Demoral : Parlate corsu ?!
Maman : Sô corsu
Demoral : La psychette ?
Maman : Demoral !
Demoral : Bienvenue à bord !!!
La psychette : Tu as réussi ?
Demoral : Trente cinq ans, trente cinq mètres comme annoncé.
La Psychette : Et ça t’a rendu con.
Demoral : Vous me l’aviez déjà fait remarquer il y a dix ans en fin de soirée.
La psychette : Il est très beau ton bateau.
Demoral : ELLE est très belle , Lady Apa II.
. . . Et sinon ça mange quoi, ça, le matin ?
La psychette : Montre moi la cuisine, je vais m’en occuper.
La Barmaid : Faut pas s’inquiéter comme ça, il va arriver.
La psychette : Il avait bu ?
Demoral : Ha les salopes !
Le patron : Chi succede ?!?
Demoral : Ha les Garces !!
La psychette : Mon pt’it marinou que t’arrive-t-il ?
Demoral : Ha les chiennes!!!
La barmaid : Non mais il va se calmer ou je lui en colle une moi
Demoral : « Trop perché » qu’elle a dit. Trop perché et « je vais m’attacher » qu’elle a dit.
La psychette : Ben c’est bien ça pourquoi tu t’énerves ?
Demoral : C’était il y a deux jours et depuis plus de nouvelles.
La barmaid : Relance la.

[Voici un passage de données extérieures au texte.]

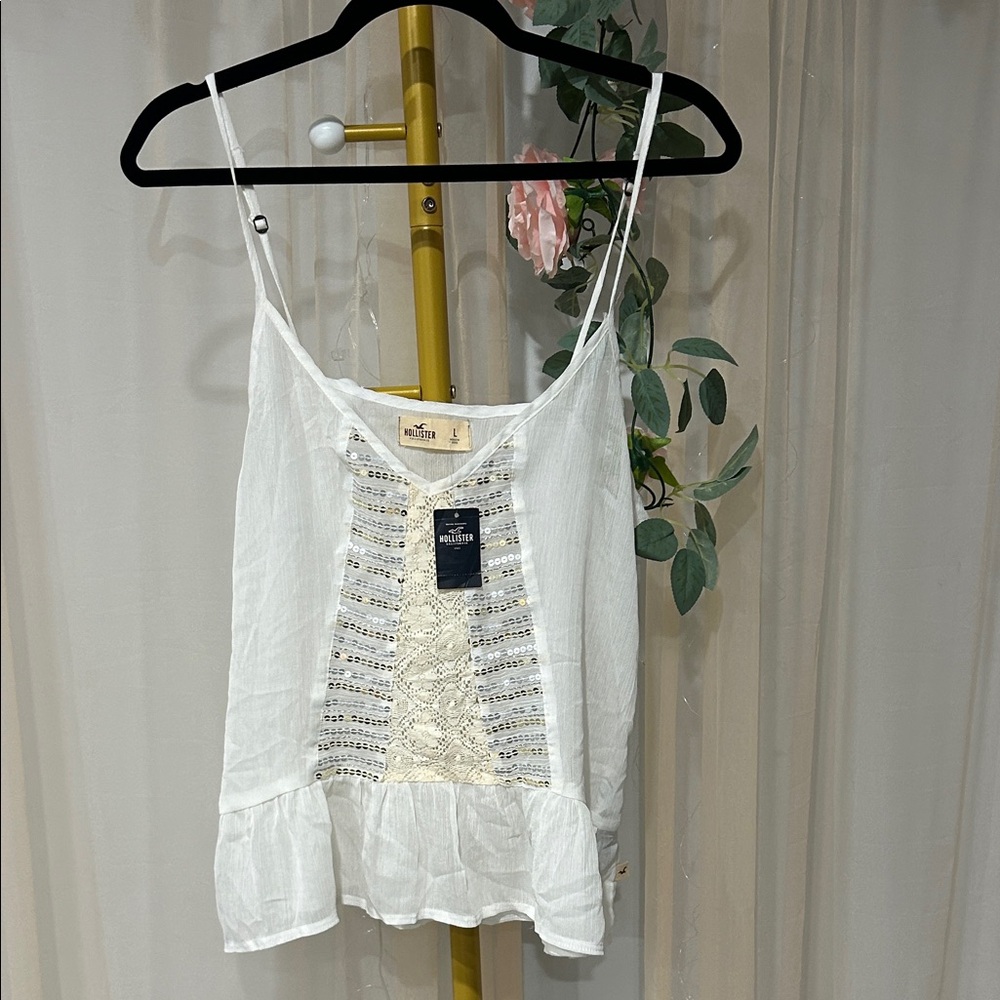 Hollister White Camisole with Lace Accents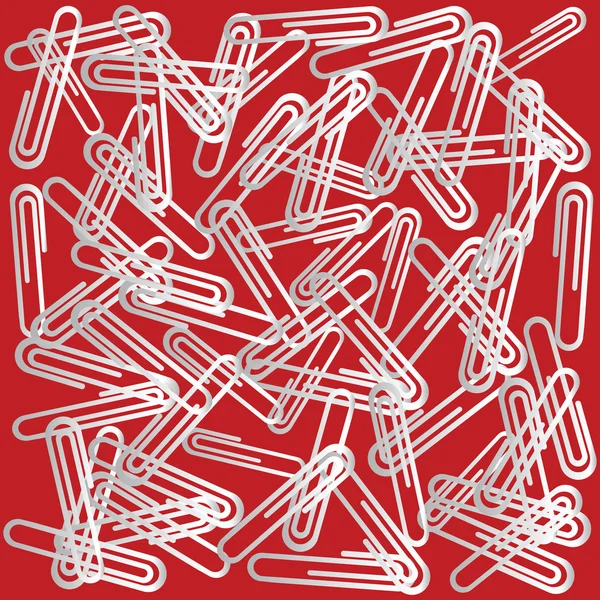 Red background with paper clips — Stock Photo, Image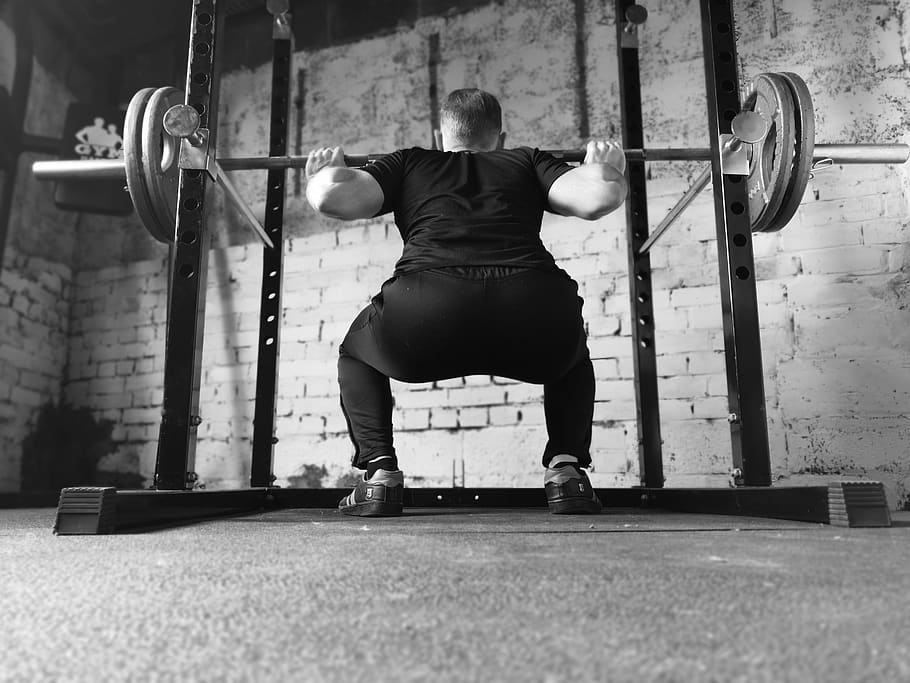 barbell, gym, squat rack, man, strength, weights, weight training, HD wallpaper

C’est sûr que si tu attends qu’elle revienne le cul dans ton fauteuil , il ne va rien se passer. Les femmes ont besoin qu’on leur témoigne de l’attention.
Demoral : Ma chère, les applications de rencontres sont de nos jours ainsi faites
que seule la femelle a droit à la parole. Le mâle ne peut répondre
que si elle daigne le solliciter.
La psychette : Ben alors mon p’tit marinou, on est d’accord tu ne me fais plus de crises comme ça.
Demoral : oui ben elles n’ont qu’à pas m’énerver
La barmaid : Tu parles comme un gosse de dix ans. Pas étonnant qu’elles ne veuillent pas de toi.
Demoral : Vous verriez les phrases que je leur sors,
elles qui se prétendent sapiosexuées elles devraient craquer.
La barmaid : Et arrête de nous mettre toutes dans le même panier.
On dirait que tu les veux toutes. T’as pas règlé tes problèmes avec ta mère ou quoi ?
Demoral : Vous voyez, elle recommence !
Le patron : Bon allez la barmaid, y’a du monde en accueil.
Demoral, vuelete un special ?
Demoral : Lé, vogliu una speciale
La psychette : Bien, je dois y aller. Bonne soirée à tous.
La psychette : Bonjour mon p’tit marinou, alors toujours fâché?
Demoral : oui
– Bon, reprenons. Qu’est ce qui te chiffonne ?
Je fais tout pour vous plaire et vous m’en demandez toujours plus.
D’une part tu n’as pas à me plaire, tu es là pour te soigner. D’autre part en quoi deviens je plus exigeante?
Ce n’est pas tant exigeante que contradictoire. Vous me reprochez maintenant de faire trop de sport et de boire trop d’eau, il faudrait savoir. A quand des restrictions sur l’air que j’inspire?
Ne fais pas l’enfant ! Admet qu’un semi marathon et quinze litre d’eau par jour si je ne te freinais pas c’est un peu exagéré. Tu dois trouver la juste mesure.
La fumeuse voie du milieu dont nous bassinent les taoïstes. C’est déjà le moment où je vais m’énerver. Dans moins de trois répliques vous allez enchaîner sur profiter de l’instant présent.
Tu vois tu t’enflammes
Ben voyons et maintenant je parle trop, c’est ça?
Tu ne parles pas trop, tu parles mal
Je vois vous allez me ressortir l’affaire des nichons de la petite Ninon.
Parler en clinique à une gamine dépressive comme au comptoir du pmu est intolérable. La deshinibition te fait tenir un langage qui ne te met pas en valeur
C’est pas comme si elle n’avait pas été confrontée à ce genre de propos de la part d’autres patients.
Tu as dépassé les bornes et quand bien même. Tu te veux gentleman n’utilise pas le lexique d’un supporter de foot.
Je lui ai présenté mes excuses.
Soit, alors l’affaire est close. Raconte moi ta vérsion de la dernière hospitalisation.